D’ailleurs, lorsque Natan lui pointe son hypocrisie, il ne réalise pas, tout d’abord, celle-ci (2 Sam 12, 5). C’est seulement lorsque Natan l’aura éclairé qu’il se posera la question de son « péché » personnel, encore qu’il semble bien ne l’avoir compris que comme une « faute ». De même, ceux qui entouraient David ne semblent pas s’être posé cette question lors du déroulement de cette affaire.
C’est pour cela que David « marchande » ensuite avec Dieu afin d’obtenir la vie de l’enfant (2 Sam 12, 16). A cette occasion, d’ailleurs, les serviteurs de David se désolidarisent du « péché de structure » et osent réprimander leur roi pour lui faire comprendre que son attitude n’est pas conforme à un véritable repentir (2 Sam 12, 21)
Au contraire, dans l’épisode du recensement (2 Sam 24), David commet un péché strictement personnel.
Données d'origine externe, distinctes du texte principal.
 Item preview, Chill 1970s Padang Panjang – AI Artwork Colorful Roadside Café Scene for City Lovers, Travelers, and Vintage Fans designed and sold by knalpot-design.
Là, plus question « d’infraction » ni de « faute » mais rupture de confiance vis-à-vis de Dieu : David met sa confiance dans ses propres forces en faisant procéder au recensement au lieu de s’en remettre à Dieu dans l’abandon, conformément à « l’alliance » d’amour : c’est contre l’amour, c’est un péché. Dans le même temps les proches de David, eux, se dégagent du péché de structure dans la mesure où ils osent critiquer la conduite de leur roi (2 Sam 24,3). Néanmoins, ils vont obtempérer, et tout le peuple avec eux, assumant ainsi une certaine responsabilité dans ce qui ne manquera pas de survenir.
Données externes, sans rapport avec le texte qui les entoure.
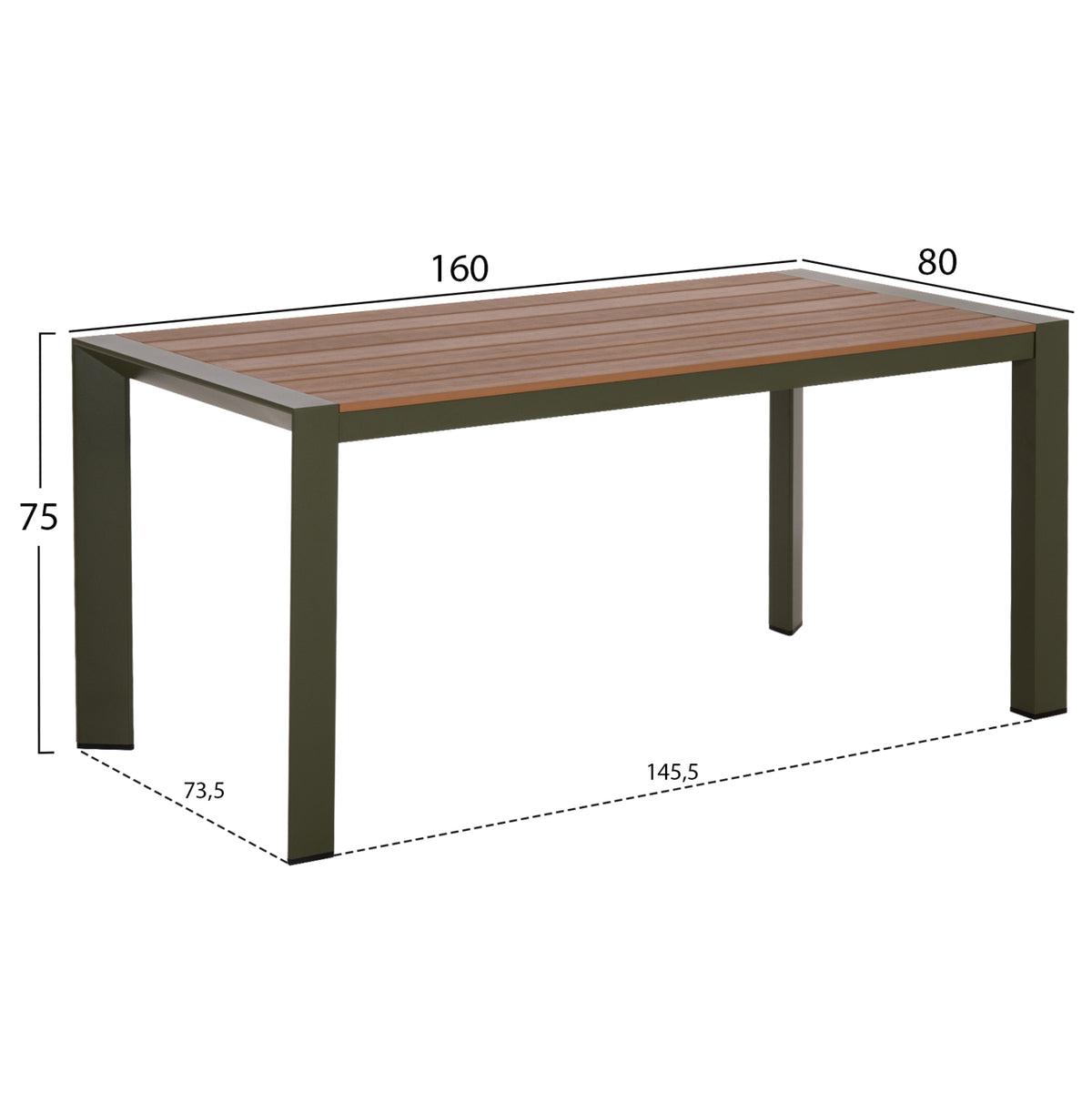 Outdoor Dining Set 7pcs Hilliard Hm10999.07 Olive Green Aluminum-polywood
David réalisera pleinement la réalité de son péché (2 Sam 24, 10), et, cette fois-ci, n’esquivera pas les conséquences de sa responsabilité (2 Sam 24, 17).
De cet exemple, on peut déduire : l’importance du péché de structure qui vient mettre obstacle à la véritable identité que Dieu veut pour chacun de nous, au niveau de sa composante socio-éthno-culturelle. Même si chacun de nous n’a pas de responsabilité dans le péché qui a été à l’origine de la viciation de la structure en question, nous en subissons les conséquences, solidairement, avec tout ceux qui participent à la même structure, sous forme d’une altération de la loi extérieure à laquelle nous sommes soumis, et de la loi intériorisée et acceptée par nous au niveau de notre conscience : cette dernière est altérée et notre jugement faussé, nos réactions inadéquates, porteuses de distorsions sur le plan moral.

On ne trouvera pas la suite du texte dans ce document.